» The task:
Before repeating the entries below, strip out every picture and keep all else as it is.

» Available data:
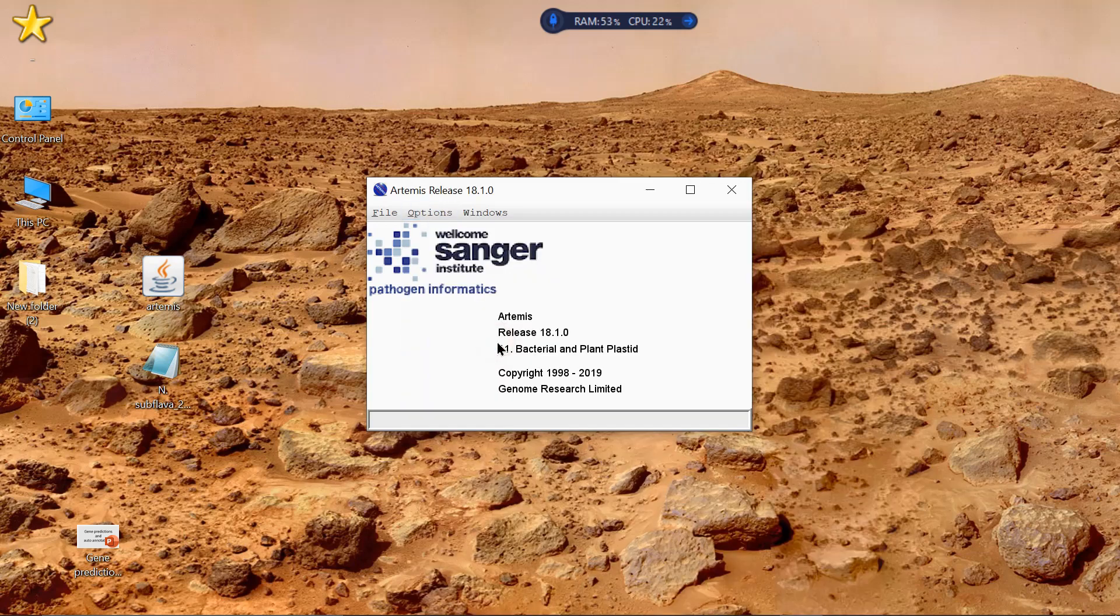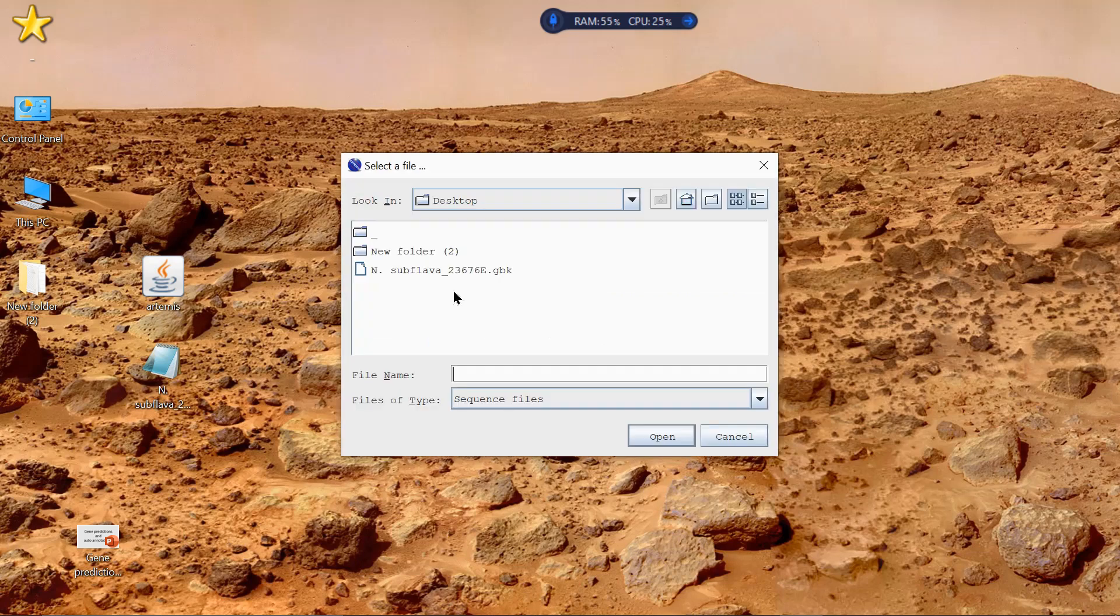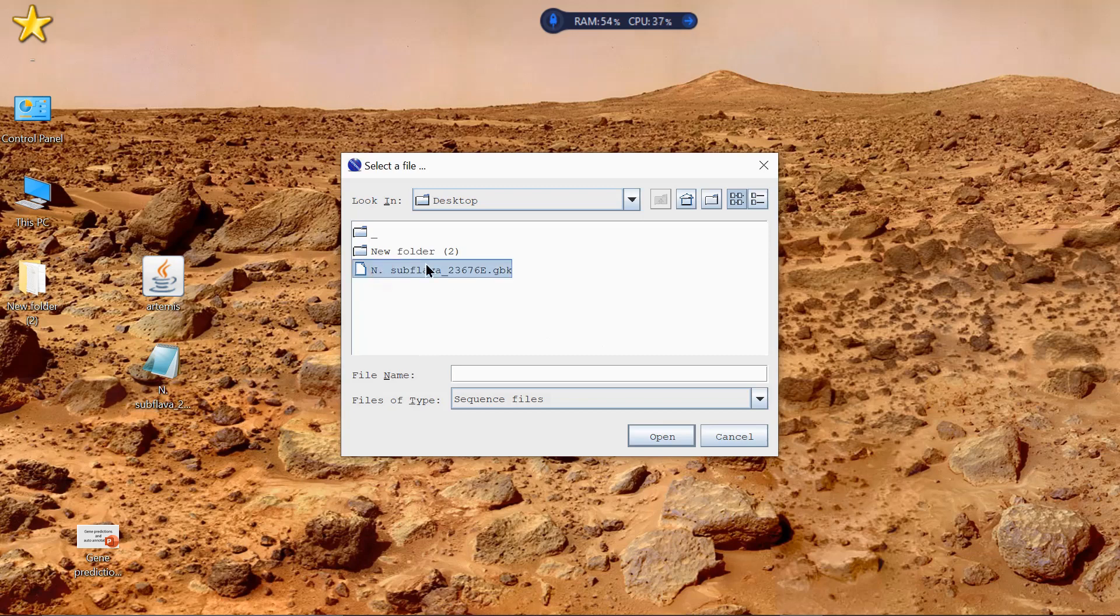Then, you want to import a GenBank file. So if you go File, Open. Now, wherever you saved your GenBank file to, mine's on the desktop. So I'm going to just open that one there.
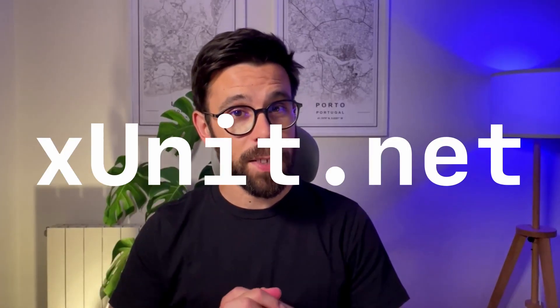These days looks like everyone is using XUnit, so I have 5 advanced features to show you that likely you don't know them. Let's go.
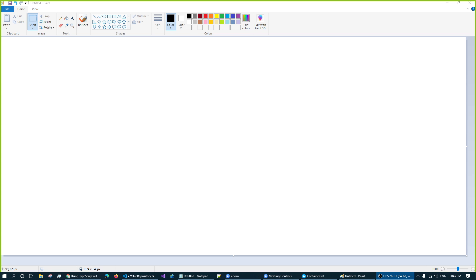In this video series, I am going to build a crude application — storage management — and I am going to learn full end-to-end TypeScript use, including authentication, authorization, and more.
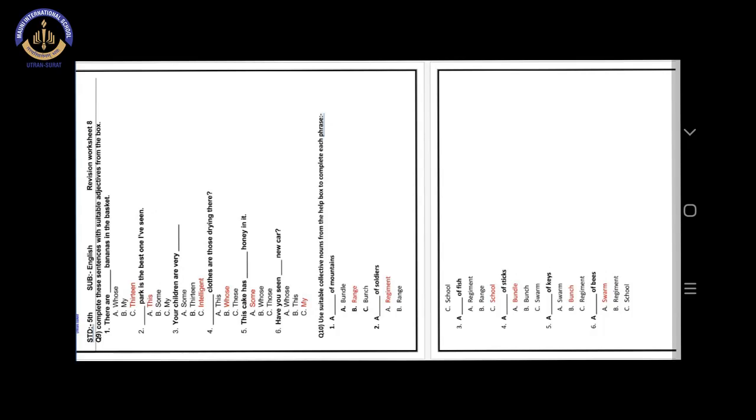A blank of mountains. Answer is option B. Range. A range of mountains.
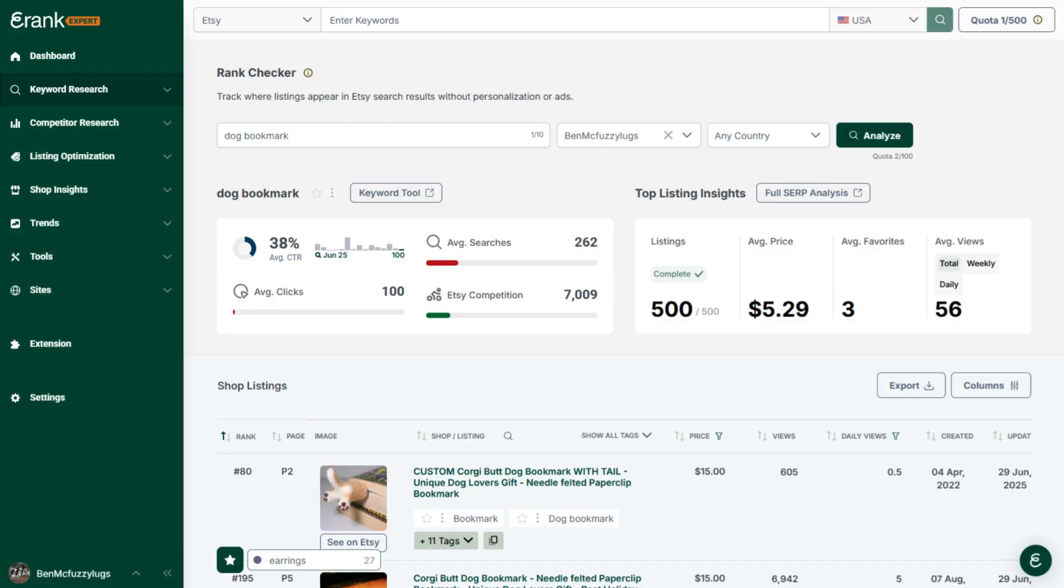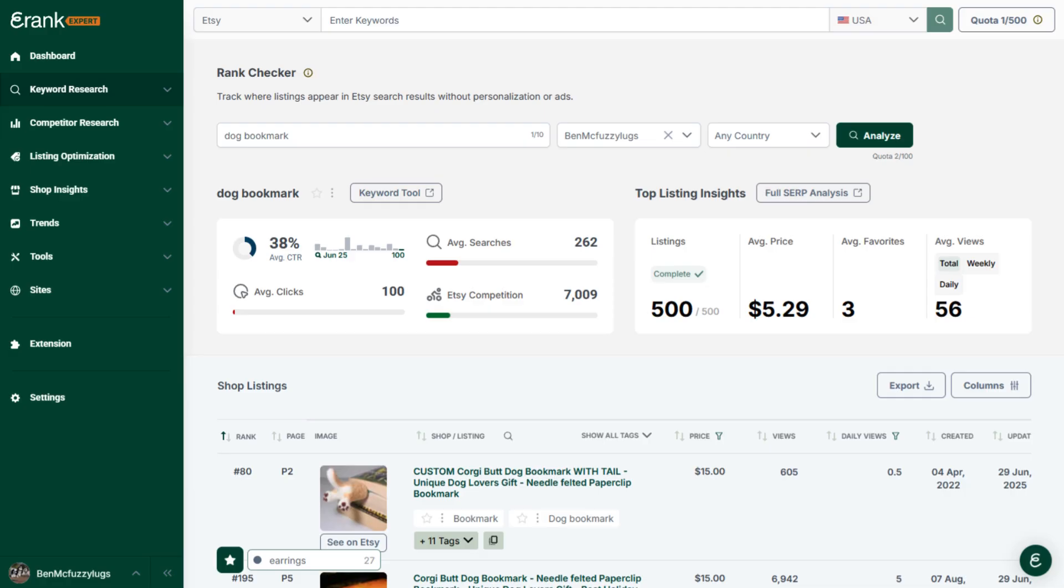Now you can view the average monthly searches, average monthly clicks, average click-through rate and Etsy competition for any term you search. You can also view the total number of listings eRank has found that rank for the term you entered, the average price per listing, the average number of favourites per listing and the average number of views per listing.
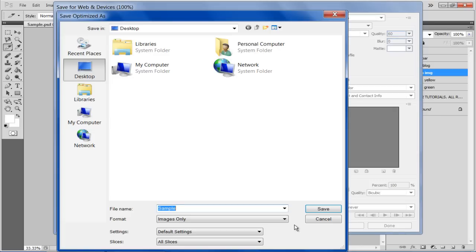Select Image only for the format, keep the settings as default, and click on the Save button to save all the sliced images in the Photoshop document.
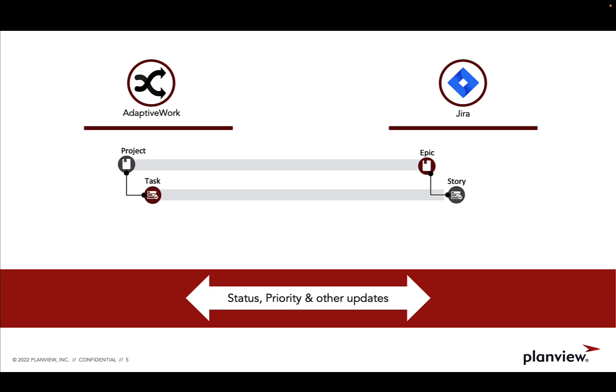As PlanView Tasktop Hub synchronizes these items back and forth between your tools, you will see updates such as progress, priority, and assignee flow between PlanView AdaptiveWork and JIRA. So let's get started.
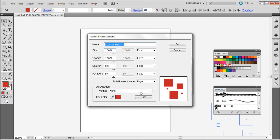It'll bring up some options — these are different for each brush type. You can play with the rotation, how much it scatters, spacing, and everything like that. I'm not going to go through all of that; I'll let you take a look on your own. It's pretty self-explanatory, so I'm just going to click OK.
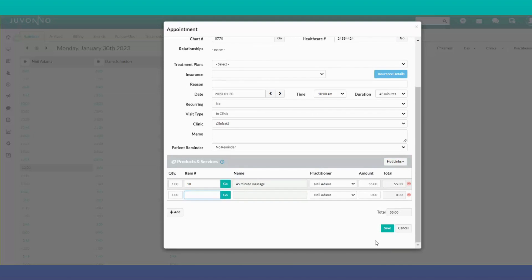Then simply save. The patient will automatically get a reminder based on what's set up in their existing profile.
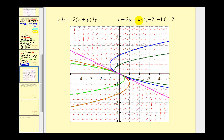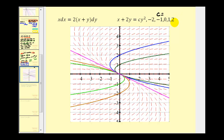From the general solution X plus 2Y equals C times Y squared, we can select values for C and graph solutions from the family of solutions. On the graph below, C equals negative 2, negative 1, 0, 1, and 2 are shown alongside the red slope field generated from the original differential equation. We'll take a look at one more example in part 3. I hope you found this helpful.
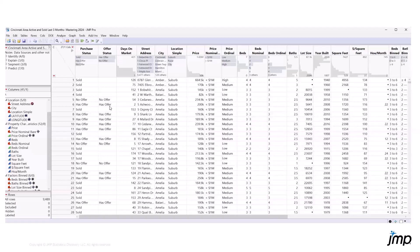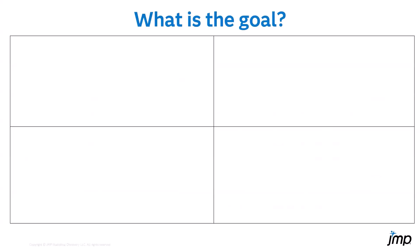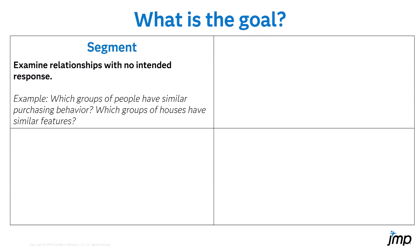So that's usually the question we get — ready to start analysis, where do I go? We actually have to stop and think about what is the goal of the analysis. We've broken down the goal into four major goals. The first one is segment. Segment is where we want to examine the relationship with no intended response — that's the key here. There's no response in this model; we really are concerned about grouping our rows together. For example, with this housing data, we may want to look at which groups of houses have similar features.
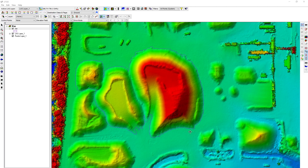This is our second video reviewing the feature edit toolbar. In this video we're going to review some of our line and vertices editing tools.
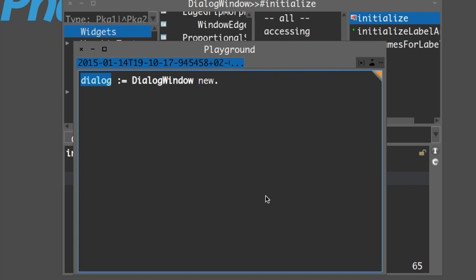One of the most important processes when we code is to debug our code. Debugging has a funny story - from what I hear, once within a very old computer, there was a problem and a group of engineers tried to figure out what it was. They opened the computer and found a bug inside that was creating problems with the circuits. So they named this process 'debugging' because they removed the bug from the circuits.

» Output of the exercise:
Then, you want to import a GenBank file. So if you go File, Open. Now, wherever you saved your GenBank file to, mine's on the desktop. So I'm going to just open that one there.
These days looks like everyone is using XUnit, so I have 5 advanced features to show you that likely you don't know them. Let's go.
In this video series, I am going to build a crude application — storage management — and I am going to learn full end-to-end TypeScript use, including authentication, authorization, and more.
A blank of mountains. Answer is option B. Range. A range of mountains.
Now you can view the average monthly searches, average monthly clicks, average click-through rate and Etsy competition for any term you search. You can also view the total number of listings eRank has found that rank for the term you entered, the average price per listing, the average number of favourites per listing and the average number of views per listing.
Select Image only for the format, keep the settings as default, and click on the Save button to save all the sliced images in the Photoshop document.
As PlanView Tasktop Hub synchronizes these items back and forth between your tools, you will see updates such as progress, priority, and assignee flow between PlanView AdaptiveWork and JIRA. So let's get started.
It'll bring up some options — these are different for each brush type. You can play with the rotation, how much it scatters, spacing, and everything like that. I'm not going to go through all of that; I'll let you take a look on your own. It's pretty self-explanatory, so I'm just going to click OK.
Then simply save. The patient will automatically get a reminder based on what's set up in their existing profile.
From the general solution X plus 2Y equals C times Y squared, we can select values for C and graph solutions from the family of solutions. On the graph below, C equals negative 2, negative 1, 0, 1, and 2 are shown alongside the red slope field generated from the original differential equation. We'll take a look at one more example in part 3. I hope you found this helpful.
So that's usually the question we get — ready to start analysis, where do I go? We actually have to stop and think about what is the goal of the analysis. We've broken down the goal into four major goals. The first one is segment. Segment is where we want to examine the relationship with no intended response — that's the key here. There's no response in this model; we really are concerned about grouping our rows together. For example, with this housing data, we may want to look at which groups of houses have similar features.
This is our second video reviewing the feature edit toolbar. In this video we're going to review some of our line and vertices editing tools.
One of the most important processes when we code is to debug our code. Debugging has a funny story - from what I hear, once within a very old computer, there was a problem and a group of engineers tried to figure out what it was. They opened the computer and found a bug inside that was creating problems with the circuits. So they named this process 'debugging' because they removed the bug from the circuits.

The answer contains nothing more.